• _HOW TO COMPLETE THIS TASK_
Restate the listing below line for line and word for word, without the pictures.

• _STORED DATA_
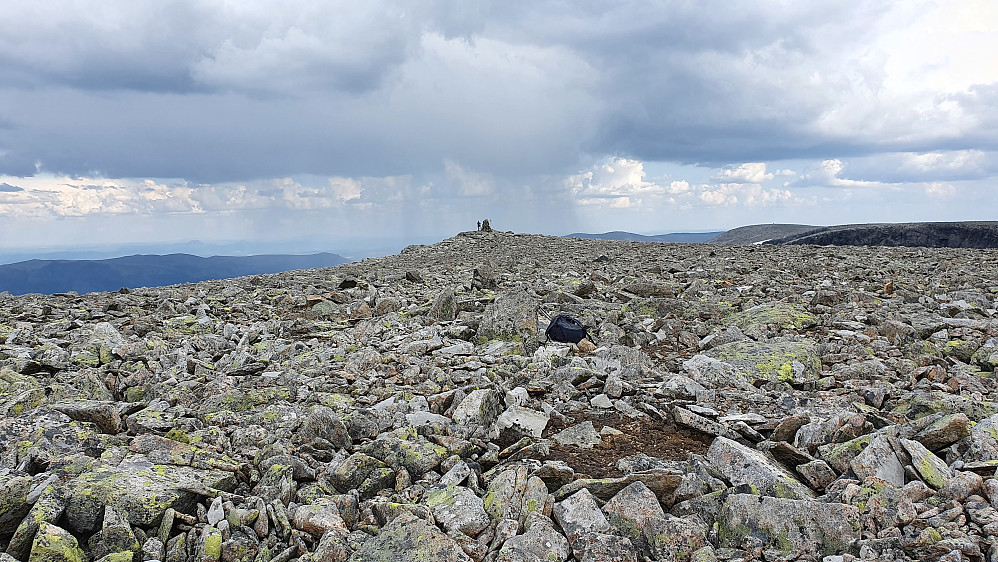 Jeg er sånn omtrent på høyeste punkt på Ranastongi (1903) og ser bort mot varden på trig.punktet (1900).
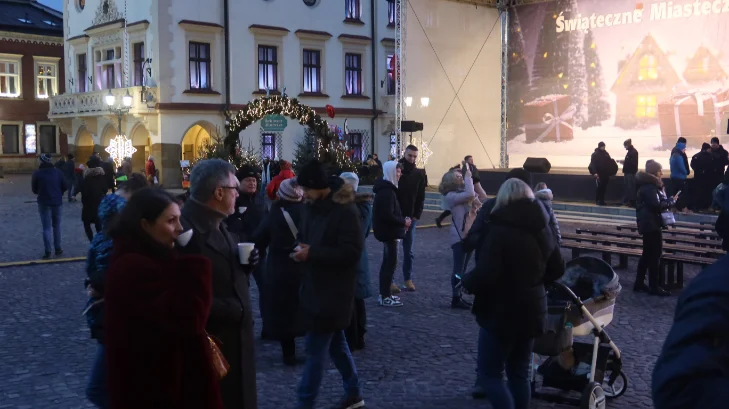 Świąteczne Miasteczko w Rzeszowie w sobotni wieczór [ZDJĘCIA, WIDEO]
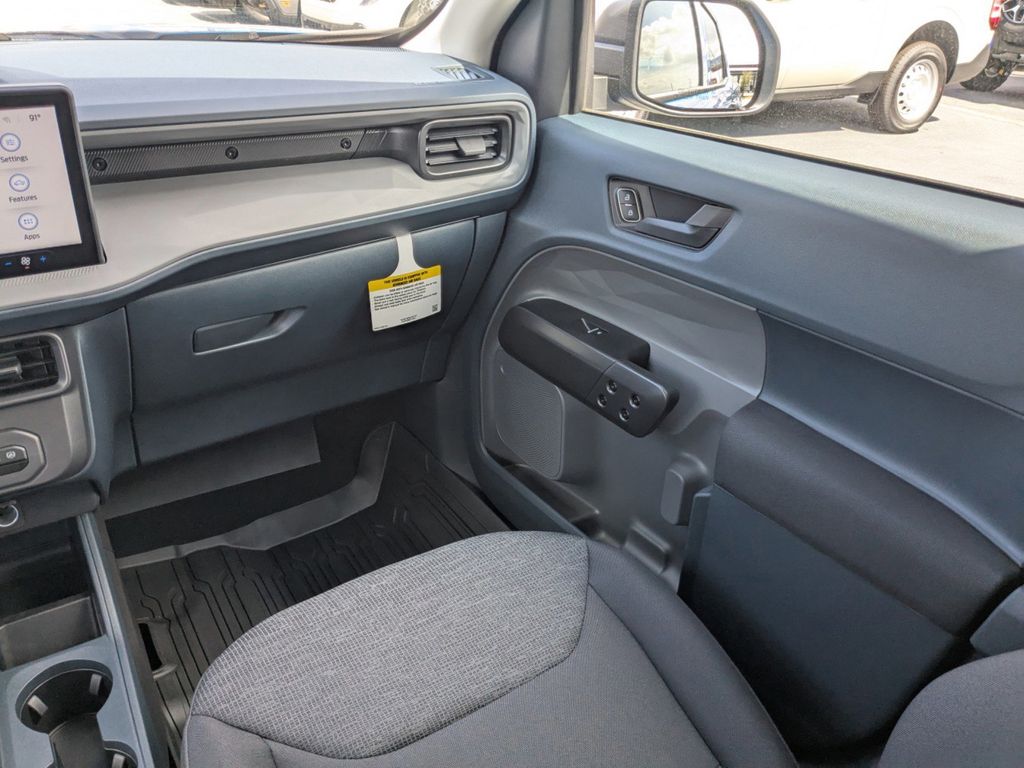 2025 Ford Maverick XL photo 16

• _REPLY_
 Jeg er sånn omtrent på høyeste punkt på Ranastongi (1903) og ser bort mot varden på trig.punktet (1900).
 Świąteczne Miasteczko w Rzeszowie w sobotni wieczór [ZDJĘCIA, WIDEO]
 2025 Ford Maverick XL photo 16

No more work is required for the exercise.